Problem details: Retype the data below verbatim; pictures do not belong in the copy.

Source material:
________________________

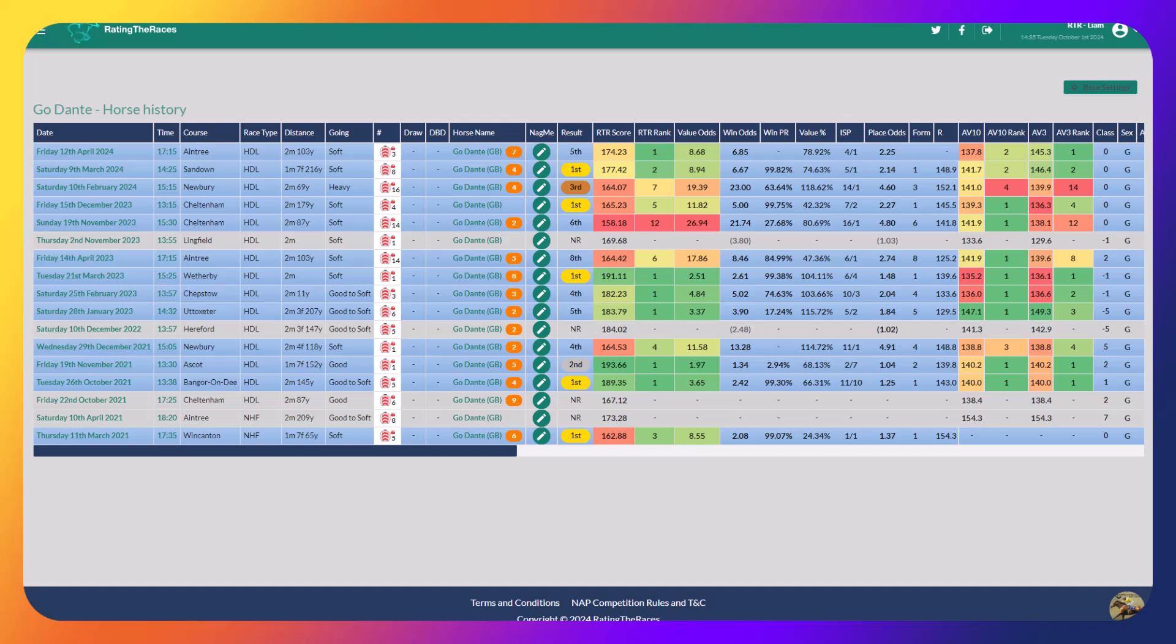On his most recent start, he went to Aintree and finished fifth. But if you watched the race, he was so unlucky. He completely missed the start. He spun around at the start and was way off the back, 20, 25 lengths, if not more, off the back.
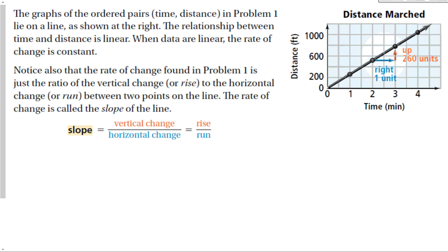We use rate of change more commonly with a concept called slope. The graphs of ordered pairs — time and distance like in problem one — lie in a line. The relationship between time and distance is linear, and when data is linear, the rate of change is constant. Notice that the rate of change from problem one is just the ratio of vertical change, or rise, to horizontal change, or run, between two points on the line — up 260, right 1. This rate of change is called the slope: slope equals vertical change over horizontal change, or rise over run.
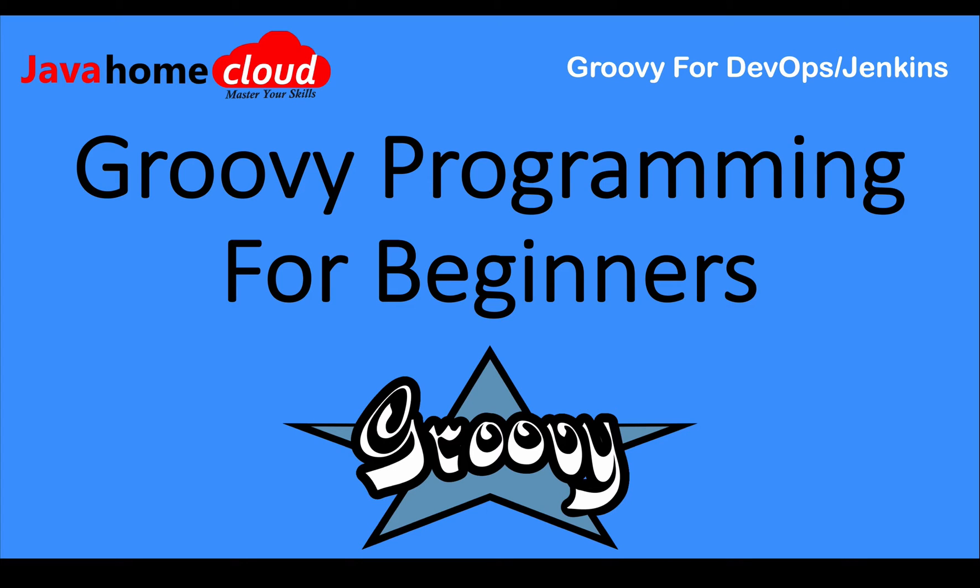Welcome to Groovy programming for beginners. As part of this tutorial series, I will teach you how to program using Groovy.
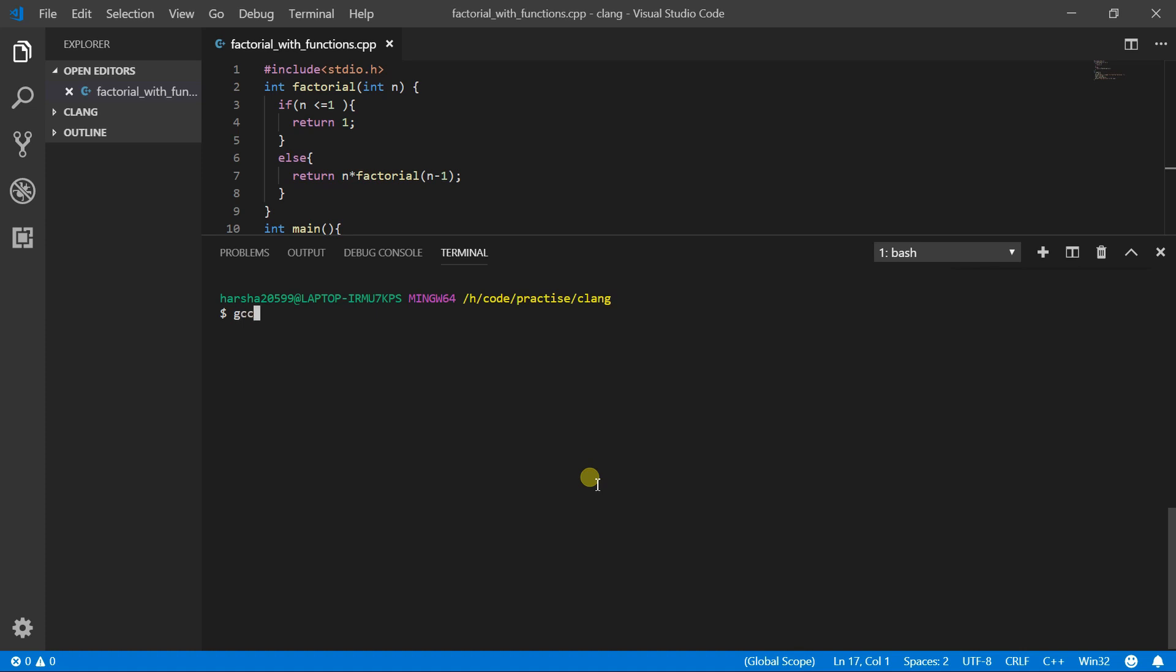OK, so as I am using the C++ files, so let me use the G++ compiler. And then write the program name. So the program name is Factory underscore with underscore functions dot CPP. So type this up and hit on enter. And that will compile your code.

________________________

Task output:
On his most recent start, he went to Aintree and finished fifth. But if you watched the race, he was so unlucky. He completely missed the start. He spun around at the start and was way off the back, 20, 25 lengths, if not more, off the back.
We use rate of change more commonly with a concept called slope. The graphs of ordered pairs — time and distance like in problem one — lie in a line. The relationship between time and distance is linear, and when data is linear, the rate of change is constant. Notice that the rate of change from problem one is just the ratio of vertical change, or rise, to horizontal change, or run, between two points on the line — up 260, right 1. This rate of change is called the slope: slope equals vertical change over horizontal change, or rise over run.
Welcome to Groovy programming for beginners. As part of this tutorial series, I will teach you how to program using Groovy.
OK, so as I am using the C++ files, so let me use the G++ compiler. And then write the program name. So the program name is Factory underscore with underscore functions dot CPP. So type this up and hit on enter. And that will compile your code.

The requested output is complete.